→ WORK REQUIRED
From the data below, return the exact lines starting at the line containing "2010 Volkswagen Routan SE" and ending at the line containing "Ornament Prag Dreapta", both included, and nothing else.
++++ EXTRACTED DATA ++++
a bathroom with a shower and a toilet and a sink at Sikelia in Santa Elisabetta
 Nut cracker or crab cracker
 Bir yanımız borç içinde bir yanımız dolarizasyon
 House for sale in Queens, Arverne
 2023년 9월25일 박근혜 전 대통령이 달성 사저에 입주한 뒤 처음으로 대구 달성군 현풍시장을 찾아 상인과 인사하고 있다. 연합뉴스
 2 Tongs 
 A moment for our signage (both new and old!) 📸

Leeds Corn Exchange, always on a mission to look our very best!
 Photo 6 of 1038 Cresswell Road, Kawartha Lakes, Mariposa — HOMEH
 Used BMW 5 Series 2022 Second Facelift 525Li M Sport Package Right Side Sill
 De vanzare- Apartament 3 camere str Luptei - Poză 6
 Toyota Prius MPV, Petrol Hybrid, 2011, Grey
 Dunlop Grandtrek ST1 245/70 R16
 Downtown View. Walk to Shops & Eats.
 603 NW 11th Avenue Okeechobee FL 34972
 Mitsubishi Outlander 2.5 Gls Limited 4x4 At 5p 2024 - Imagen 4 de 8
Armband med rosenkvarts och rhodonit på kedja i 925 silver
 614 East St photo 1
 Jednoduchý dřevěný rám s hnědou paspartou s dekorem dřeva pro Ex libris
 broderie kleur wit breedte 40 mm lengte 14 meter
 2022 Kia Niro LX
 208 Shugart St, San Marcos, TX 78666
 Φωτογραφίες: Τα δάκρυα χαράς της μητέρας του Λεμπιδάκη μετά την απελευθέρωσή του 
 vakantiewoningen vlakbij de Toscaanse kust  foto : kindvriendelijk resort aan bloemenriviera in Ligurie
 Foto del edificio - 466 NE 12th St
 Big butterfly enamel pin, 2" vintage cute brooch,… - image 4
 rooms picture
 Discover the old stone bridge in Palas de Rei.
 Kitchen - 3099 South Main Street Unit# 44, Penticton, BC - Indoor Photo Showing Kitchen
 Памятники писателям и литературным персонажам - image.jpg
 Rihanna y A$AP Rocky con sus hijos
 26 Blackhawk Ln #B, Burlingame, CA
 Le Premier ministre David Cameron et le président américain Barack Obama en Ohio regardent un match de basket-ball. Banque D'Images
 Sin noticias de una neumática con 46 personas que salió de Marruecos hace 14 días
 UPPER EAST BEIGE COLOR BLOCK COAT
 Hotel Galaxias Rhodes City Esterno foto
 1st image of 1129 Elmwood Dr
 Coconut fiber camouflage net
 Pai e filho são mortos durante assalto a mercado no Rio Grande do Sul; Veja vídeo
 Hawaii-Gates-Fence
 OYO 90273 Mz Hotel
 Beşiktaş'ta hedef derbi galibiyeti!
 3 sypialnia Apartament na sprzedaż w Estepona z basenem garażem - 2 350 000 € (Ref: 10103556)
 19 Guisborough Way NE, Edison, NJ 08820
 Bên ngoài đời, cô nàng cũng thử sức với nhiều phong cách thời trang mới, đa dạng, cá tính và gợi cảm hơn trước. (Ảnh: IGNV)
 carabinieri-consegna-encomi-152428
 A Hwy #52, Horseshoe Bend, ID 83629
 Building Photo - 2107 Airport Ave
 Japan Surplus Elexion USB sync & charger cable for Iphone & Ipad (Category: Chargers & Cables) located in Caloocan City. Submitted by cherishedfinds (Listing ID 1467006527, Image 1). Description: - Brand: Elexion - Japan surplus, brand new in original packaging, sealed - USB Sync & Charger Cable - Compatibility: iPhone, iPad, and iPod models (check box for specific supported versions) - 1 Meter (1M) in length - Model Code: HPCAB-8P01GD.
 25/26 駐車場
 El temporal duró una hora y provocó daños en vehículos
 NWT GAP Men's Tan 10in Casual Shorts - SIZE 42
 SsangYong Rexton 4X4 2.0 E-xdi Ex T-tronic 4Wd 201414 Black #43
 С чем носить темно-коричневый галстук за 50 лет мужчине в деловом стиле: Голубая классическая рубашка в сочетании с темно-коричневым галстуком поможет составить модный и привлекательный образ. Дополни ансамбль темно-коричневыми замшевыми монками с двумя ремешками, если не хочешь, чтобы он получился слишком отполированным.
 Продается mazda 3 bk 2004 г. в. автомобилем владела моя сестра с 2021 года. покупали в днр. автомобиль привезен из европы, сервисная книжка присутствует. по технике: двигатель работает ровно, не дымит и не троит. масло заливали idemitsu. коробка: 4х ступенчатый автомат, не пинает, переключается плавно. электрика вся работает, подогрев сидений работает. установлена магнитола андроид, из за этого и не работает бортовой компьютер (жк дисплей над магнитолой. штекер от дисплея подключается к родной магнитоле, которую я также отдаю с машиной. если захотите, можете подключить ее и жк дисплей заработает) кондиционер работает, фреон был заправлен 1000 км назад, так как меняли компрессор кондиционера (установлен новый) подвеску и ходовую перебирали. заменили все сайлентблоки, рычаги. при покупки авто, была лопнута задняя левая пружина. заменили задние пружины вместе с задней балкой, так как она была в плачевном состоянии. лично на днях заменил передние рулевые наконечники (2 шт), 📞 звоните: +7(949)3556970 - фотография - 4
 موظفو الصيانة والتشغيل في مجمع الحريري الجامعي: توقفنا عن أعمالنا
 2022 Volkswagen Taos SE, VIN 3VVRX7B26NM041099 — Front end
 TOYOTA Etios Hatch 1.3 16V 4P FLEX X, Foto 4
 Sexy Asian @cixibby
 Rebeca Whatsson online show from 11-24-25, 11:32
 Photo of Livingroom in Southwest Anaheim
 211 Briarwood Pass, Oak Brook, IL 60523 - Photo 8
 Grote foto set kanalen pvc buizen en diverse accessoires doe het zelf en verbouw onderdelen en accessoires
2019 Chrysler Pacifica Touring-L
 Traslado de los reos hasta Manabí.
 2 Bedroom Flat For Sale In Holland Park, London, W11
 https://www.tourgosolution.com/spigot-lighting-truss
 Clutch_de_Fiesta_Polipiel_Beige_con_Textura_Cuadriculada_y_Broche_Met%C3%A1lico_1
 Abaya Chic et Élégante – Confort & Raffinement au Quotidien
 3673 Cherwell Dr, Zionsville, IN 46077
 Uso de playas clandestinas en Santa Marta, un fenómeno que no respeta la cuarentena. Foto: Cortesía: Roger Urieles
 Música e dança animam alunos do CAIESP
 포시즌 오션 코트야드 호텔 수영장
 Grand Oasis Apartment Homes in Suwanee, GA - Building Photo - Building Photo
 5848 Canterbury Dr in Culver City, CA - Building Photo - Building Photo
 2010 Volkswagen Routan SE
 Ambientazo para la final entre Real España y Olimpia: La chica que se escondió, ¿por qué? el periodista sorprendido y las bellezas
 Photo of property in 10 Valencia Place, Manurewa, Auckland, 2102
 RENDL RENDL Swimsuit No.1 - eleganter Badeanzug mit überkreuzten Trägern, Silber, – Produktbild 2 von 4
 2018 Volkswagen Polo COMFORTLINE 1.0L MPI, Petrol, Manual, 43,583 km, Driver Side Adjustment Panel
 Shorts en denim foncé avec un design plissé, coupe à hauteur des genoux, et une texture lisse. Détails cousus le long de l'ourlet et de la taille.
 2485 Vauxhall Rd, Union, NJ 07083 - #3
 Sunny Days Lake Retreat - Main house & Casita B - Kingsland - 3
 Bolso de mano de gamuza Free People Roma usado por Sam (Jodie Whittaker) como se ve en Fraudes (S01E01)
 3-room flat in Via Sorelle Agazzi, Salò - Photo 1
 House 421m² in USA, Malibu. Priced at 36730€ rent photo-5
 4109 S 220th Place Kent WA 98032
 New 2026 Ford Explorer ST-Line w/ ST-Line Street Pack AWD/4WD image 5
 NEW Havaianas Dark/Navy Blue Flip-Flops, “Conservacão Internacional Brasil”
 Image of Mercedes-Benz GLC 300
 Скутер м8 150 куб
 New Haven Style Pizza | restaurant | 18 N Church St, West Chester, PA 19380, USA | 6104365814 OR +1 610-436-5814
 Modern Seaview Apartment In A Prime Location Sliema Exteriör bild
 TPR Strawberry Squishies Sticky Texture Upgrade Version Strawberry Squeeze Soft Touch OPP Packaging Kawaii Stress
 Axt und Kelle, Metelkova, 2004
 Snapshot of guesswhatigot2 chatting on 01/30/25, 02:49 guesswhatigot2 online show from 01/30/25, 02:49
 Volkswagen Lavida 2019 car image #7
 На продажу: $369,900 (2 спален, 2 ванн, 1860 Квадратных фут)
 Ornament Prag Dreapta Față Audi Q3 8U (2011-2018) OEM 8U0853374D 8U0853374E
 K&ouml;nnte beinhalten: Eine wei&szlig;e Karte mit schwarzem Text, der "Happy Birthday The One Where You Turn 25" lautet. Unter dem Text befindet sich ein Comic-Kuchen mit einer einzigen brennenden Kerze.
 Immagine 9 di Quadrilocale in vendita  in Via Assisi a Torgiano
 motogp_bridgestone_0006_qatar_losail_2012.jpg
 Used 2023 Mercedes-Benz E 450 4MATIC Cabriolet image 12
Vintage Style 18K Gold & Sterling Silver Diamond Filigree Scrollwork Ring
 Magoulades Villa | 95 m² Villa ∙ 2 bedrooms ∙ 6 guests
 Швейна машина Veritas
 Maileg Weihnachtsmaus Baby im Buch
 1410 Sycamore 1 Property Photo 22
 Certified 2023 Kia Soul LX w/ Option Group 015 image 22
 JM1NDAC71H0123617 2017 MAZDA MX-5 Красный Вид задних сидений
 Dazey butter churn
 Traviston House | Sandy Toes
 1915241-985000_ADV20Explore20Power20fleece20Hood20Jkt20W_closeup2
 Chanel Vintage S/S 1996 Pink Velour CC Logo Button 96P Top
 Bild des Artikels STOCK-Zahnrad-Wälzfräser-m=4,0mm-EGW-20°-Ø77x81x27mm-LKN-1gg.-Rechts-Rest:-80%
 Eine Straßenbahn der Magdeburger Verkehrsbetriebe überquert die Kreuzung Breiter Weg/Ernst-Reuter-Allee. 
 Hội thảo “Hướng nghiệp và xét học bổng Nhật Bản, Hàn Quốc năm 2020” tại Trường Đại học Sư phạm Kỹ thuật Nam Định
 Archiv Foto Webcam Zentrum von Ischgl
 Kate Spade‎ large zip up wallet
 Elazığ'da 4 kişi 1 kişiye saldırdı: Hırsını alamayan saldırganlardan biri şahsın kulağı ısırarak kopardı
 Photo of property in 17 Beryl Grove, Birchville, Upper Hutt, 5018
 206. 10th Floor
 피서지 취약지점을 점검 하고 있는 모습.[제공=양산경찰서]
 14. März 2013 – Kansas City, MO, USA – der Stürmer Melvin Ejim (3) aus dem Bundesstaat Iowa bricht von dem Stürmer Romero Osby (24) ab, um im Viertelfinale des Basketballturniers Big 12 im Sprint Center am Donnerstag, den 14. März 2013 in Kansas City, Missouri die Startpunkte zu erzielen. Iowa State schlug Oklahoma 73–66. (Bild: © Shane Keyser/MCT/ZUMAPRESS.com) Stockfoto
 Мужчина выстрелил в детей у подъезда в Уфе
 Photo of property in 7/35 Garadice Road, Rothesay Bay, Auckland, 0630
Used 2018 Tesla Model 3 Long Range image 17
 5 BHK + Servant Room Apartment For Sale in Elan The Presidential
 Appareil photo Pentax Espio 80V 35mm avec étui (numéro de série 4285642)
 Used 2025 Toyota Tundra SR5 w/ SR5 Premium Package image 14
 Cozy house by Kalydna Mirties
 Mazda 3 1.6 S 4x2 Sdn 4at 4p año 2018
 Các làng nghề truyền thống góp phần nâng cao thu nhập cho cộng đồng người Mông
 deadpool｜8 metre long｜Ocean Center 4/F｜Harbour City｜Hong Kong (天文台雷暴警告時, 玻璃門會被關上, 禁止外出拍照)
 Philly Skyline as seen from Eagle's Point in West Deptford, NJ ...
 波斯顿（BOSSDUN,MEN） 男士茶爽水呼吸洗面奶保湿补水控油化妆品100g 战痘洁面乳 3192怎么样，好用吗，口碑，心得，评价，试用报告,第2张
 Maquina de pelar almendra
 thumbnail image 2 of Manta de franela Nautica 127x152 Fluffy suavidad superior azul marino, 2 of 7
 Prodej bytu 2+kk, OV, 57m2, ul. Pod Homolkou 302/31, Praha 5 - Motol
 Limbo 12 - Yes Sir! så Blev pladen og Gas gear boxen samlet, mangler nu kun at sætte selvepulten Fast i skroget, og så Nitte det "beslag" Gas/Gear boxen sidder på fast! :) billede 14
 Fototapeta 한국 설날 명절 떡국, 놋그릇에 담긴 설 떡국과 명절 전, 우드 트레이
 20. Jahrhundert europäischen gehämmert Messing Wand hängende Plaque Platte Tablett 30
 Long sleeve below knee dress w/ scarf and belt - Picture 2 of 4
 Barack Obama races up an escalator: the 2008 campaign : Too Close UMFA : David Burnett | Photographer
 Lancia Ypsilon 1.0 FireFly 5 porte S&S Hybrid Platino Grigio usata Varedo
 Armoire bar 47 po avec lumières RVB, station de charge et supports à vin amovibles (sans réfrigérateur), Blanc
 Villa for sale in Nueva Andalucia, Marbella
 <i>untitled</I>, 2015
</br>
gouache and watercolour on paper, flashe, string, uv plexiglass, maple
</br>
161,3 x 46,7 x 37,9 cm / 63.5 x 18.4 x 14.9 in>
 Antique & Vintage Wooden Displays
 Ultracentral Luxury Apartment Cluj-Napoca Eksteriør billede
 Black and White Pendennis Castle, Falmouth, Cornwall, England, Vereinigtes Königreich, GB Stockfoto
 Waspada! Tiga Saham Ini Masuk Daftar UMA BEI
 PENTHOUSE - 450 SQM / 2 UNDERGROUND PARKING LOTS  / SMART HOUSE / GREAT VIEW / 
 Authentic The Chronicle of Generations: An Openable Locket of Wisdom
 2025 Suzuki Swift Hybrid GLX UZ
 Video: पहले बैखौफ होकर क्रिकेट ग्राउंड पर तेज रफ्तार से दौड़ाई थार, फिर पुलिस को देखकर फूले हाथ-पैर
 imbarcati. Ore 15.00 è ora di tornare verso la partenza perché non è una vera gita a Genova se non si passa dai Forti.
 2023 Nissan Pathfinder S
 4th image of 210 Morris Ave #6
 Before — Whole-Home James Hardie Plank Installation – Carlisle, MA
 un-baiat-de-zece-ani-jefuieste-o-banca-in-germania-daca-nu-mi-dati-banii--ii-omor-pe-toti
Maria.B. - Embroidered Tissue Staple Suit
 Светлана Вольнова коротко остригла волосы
++++
→ TASK RESULT
 2010 Volkswagen Routan SE
 Ambientazo para la final entre Real España y Olimpia: La chica que se escondió, ¿por qué? el periodista sorprendido y las bellezas
 Photo of property in 10 Valencia Place, Manurewa, Auckland, 2102
 RENDL RENDL Swimsuit No.1 - eleganter Badeanzug mit überkreuzten Trägern, Silber, – Produktbild 2 von 4
 2018 Volkswagen Polo COMFORTLINE 1.0L MPI, Petrol, Manual, 43,583 km, Driver Side Adjustment Panel
 Shorts en denim foncé avec un design plissé, coupe à hauteur des genoux, et une texture lisse. Détails cousus le long de l'ourlet et de la taille.
 2485 Vauxhall Rd, Union, NJ 07083 - #3
 Sunny Days Lake Retreat - Main house & Casita B - Kingsland - 3
 Bolso de mano de gamuza Free People Roma usado por Sam (Jodie Whittaker) como se ve en Fraudes (S01E01)
 3-room flat in Via Sorelle Agazzi, Salò - Photo 1
 House 421m² in USA, Malibu. Priced at 36730€ rent photo-5
 4109 S 220th Place Kent WA 98032
 New 2026 Ford Explorer ST-Line w/ ST-Line Street Pack AWD/4WD image 5
 NEW Havaianas Dark/Navy Blue Flip-Flops, “Conservacão Internacional Brasil”
 Image of Mercedes-Benz GLC 300
 Скутер м8 150 куб
 New Haven Style Pizza | restaurant | 18 N Church St, West Chester, PA 19380, USA | 6104365814 OR +1 610-436-5814
 Modern Seaview Apartment In A Prime Location Sliema Exteriör bild
 TPR Strawberry Squishies Sticky Texture Upgrade Version Strawberry Squeeze Soft Touch OPP Packaging Kawaii Stress
 Axt und Kelle, Metelkova, 2004
 Snapshot of guesswhatigot2 chatting on 01/30/25, 02:49 guesswhatigot2 online show from 01/30/25, 02:49
 Volkswagen Lavida 2019 car image #7
 На продажу: $369,900 (2 спален, 2 ванн, 1860 Квадратных фут)
 Ornament Prag Dreapta Față Audi Q3 8U (2011-2018) OEM 8U0853374D 8U0853374E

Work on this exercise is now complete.